A informação consta em documento que obtive via Lei de Acesso à Informação e revelei em maio de 2023, ainda no Brazilian Report.
O tema voltou a ganhar importância porque voltou a valer nesta quinta (10) a exigência de vistos brasileiros para turistas desses países.
O cálculo original do Itamaraty incluía turistas do Japão, que posteriormente assinou acordo com o Brasil para isentar vistos para turistas brasileiros e por reciprocidade agora ficou de fora da exigência. Porém, o número de turistas japoneses no Brasil é pequeno e não afeta muito o cálculo.
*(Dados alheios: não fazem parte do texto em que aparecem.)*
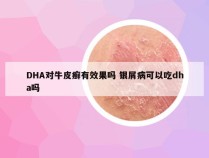 DHA对牛皮癣有效果吗 银屑病可以吃dha吗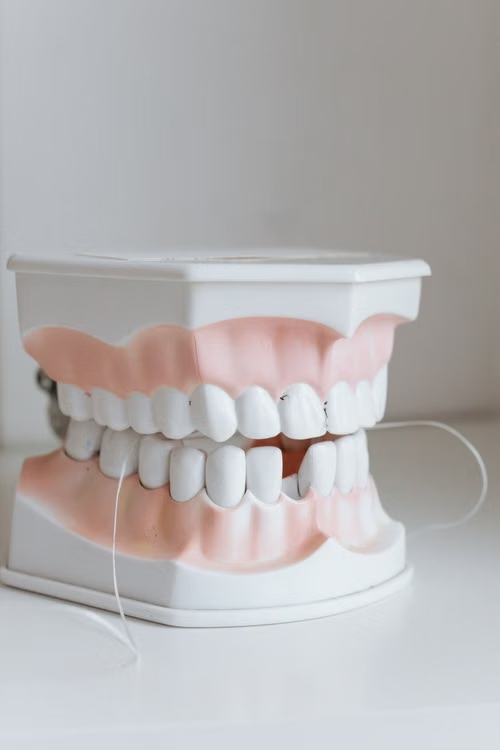 Modelo odontológico usado para explicar tratamentos ao paciente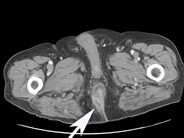 Perirectal abscess - 1.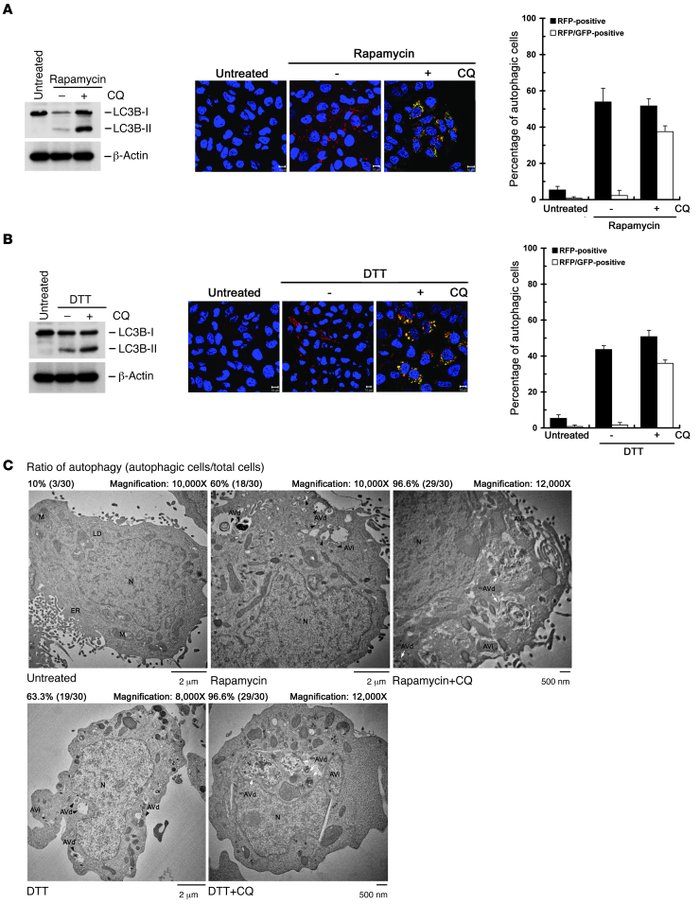 Effect of CQ on rapamycin- and DTT-triggered autophagic process.
(A–C) H...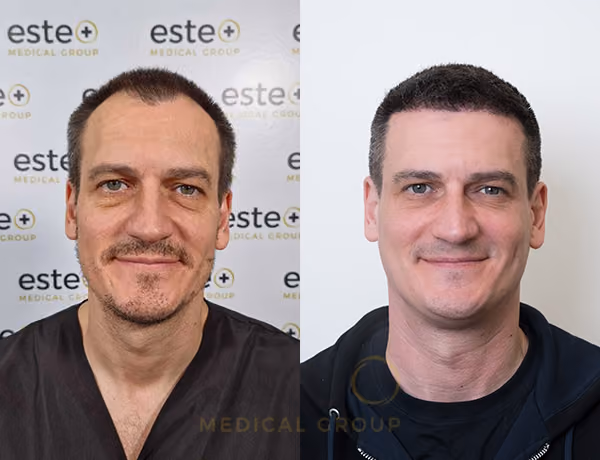 Hair transplant Men
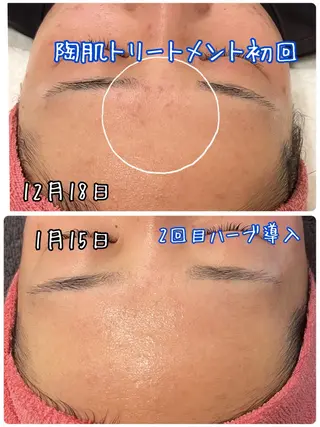 【リベルハーブピーリング認定店】敏感肌・美白脱毛専門店Dione立川店所属・Dione 立川店のエステ・リラクイメージ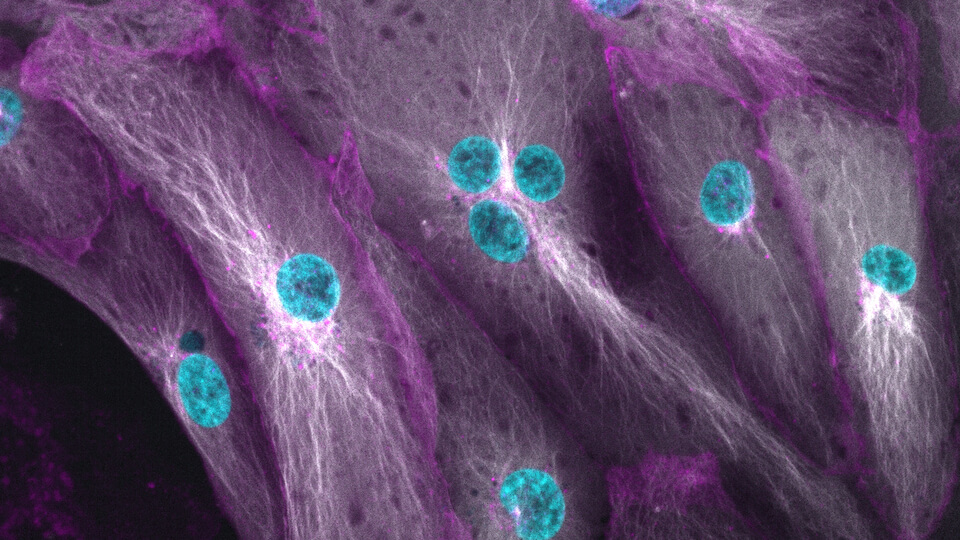 Fluorescent microscopy showing cells with cyan nuclei and purple filament network structures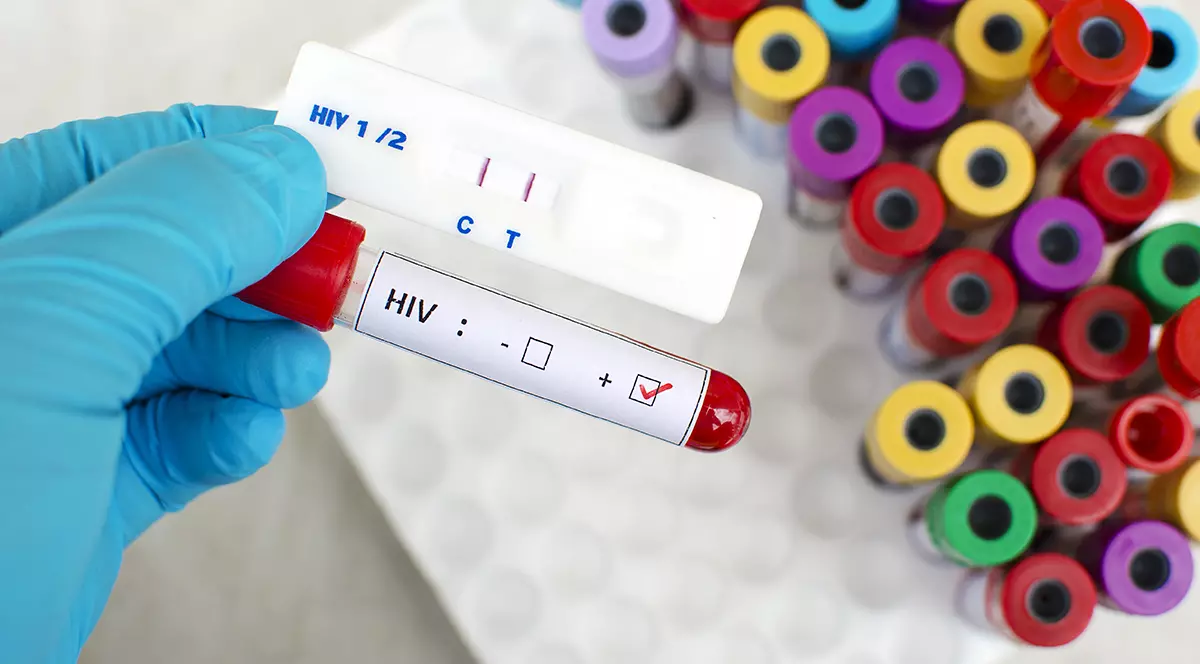 Un vaccin anti-HIV în care s-au pus mari speranţe, abandonat după testele clinice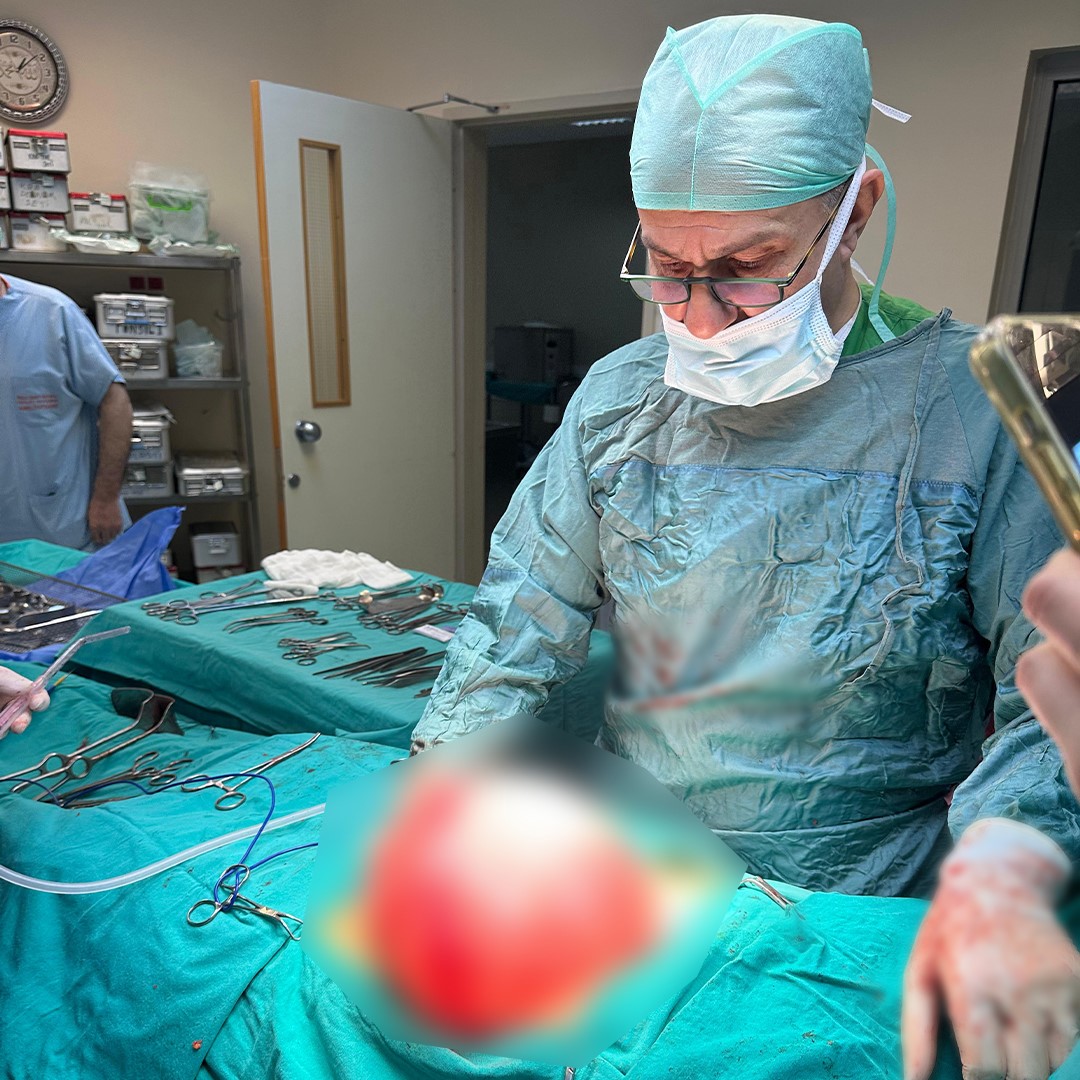 kilo-vermek-icin-hastaneye-giden-cocugun-karnindan-35-kiloluk-kist-cikti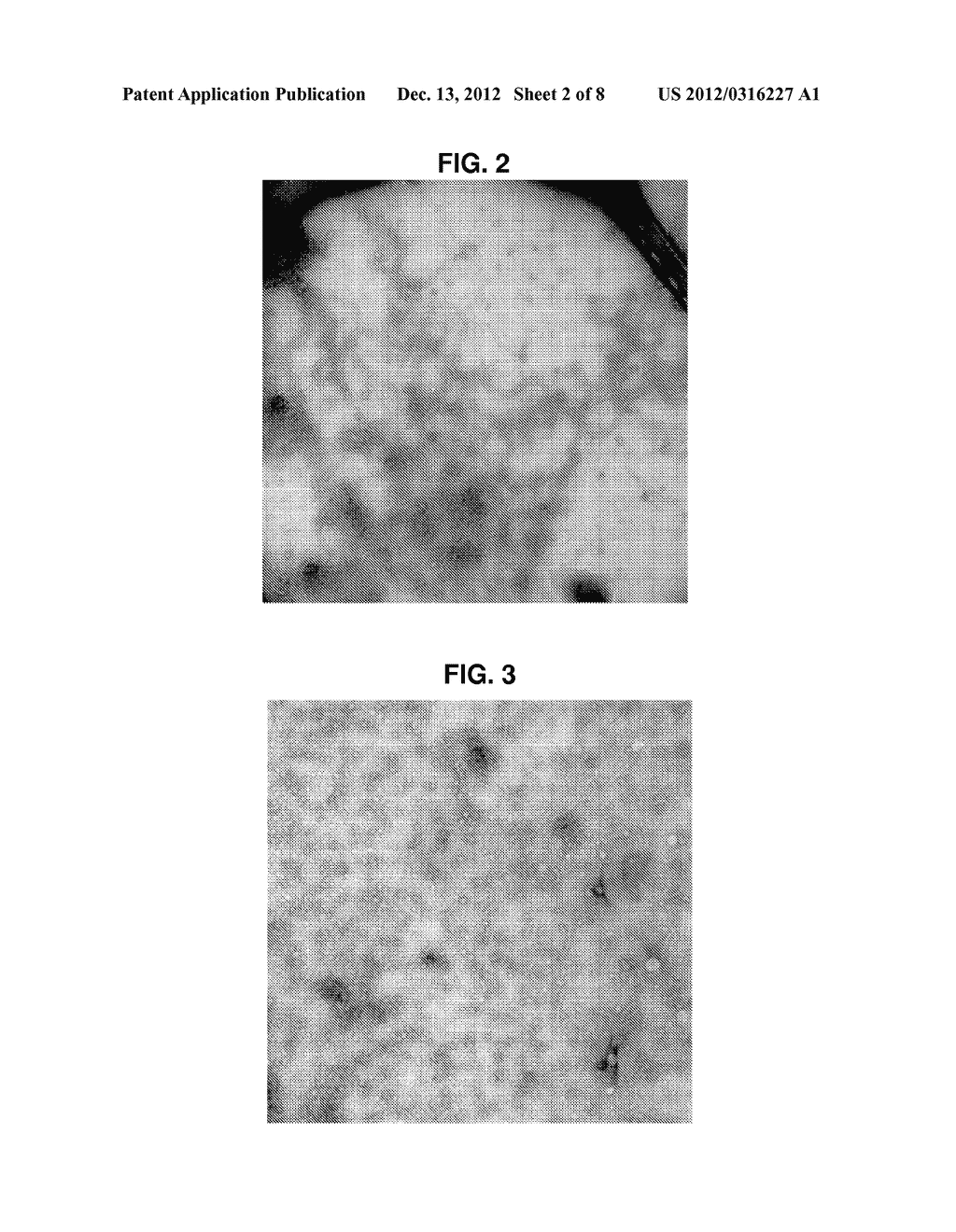 CHRYSOPHAENTIN ANTIMICROBIAL COMPOUNDS THAT INHIBIT FTSZ PROTEIN - diagram, schematic, and image 03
De acordo com o Ministério do Turismo, foram quase 79 mil turistas japoneses em 2019, antes da pandemia, ou cerca de 13% do número de turistas americanos no mesmo ano (590 mil), e 1,2% do número total de turistas estrangeiros.

Em exposição de motivos apresentada pelo Itamaraty e entregue a Lula em 2023, o ministério estima que o Brasil tenha deixado de arrecadar “cerca de US$ 15,9 milhões” com a isenção de vistos, determinada por decreto em 2019, pelo governo Bolsonaro.
Em audiência pública na Câmara em 2023, convocada para pressionar o governo Lula a adiar a retomada dos vistos (o que de fato aconteceu), os números apresentados para o setor privado eram bem diferentes.
Fabio Bentes, economista sênior da CNC, mostrou que a isenção de vistos ajudou a atrair turistas americanos e de outros países, um impacto para o setor de turismo nacional de cerca de US$ 510 milhões – ou seja, mais de 32 vezes o que o Itamaraty perdeu em arrecadação.
Esse número foi calculado assim: em 2019, ano da revogação de vistos e antes da pandemia, o número total de turistas estrangeiros caiu em cerca de 1%, mas o número de turistas dos países isentos de visto subiu em 21%. Estimou-se ainda que esses 60 mil turistas a mais gastaram US$ 4,2 mil cada em média – isso dá US$ 252 milhões, o que se refere apenas à segunda metade de 2019, quando a isenção estava valendo e antes da pandemia. Se a isenção valesse em 2019 inteiro, argumenta Bentes, o valor passaria dos US$ 500 milhões.
Os países então isentos de visto (Estados Unidos, Canadá, Austrália e Japão) ficaram conhecidos no setor de turismo pela sigla “ECAJ”.
O Brasil recebeu 441 mil turistas americanos em 2022, 668 mil em 2023, e 728 mil no ano passado – um crescimento turbinado pela isenção de vistos.